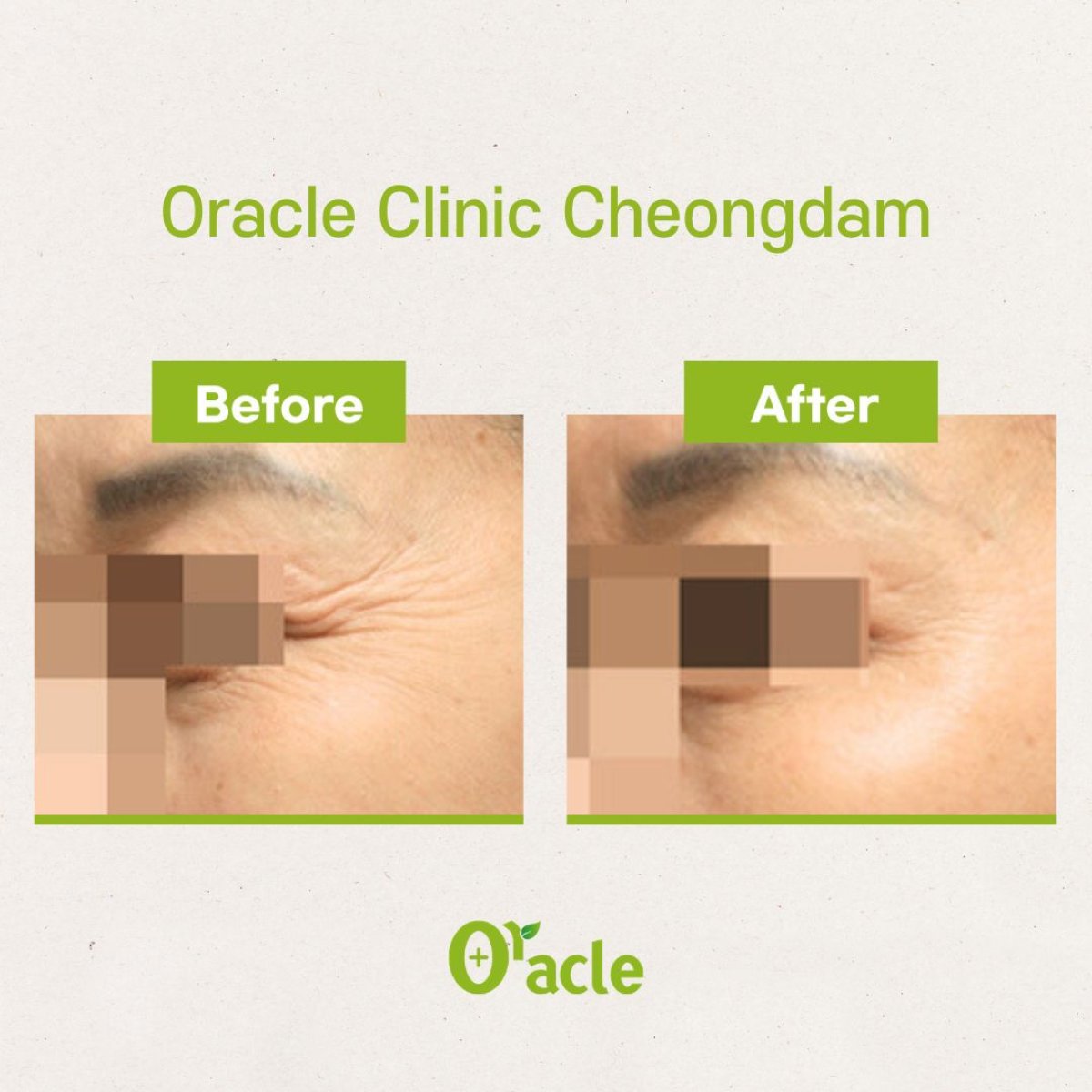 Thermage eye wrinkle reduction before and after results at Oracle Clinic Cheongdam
------------------------------------------------------------------------
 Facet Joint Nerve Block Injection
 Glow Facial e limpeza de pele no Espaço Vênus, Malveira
------------------------------------------------------------------------
--- WORK TO COMPLETE ---
Each line in the entries above, starting at the line with "Facet Joint Nerve Block Injection" and ending at the line with "Glow Facial e", is to be printed exactly, and only those lines.

--- EXERCISE OUTPUT ---
 Facet Joint Nerve Block Injection
 Glow Facial e limpeza de pele no Espaço Vênus, Malveira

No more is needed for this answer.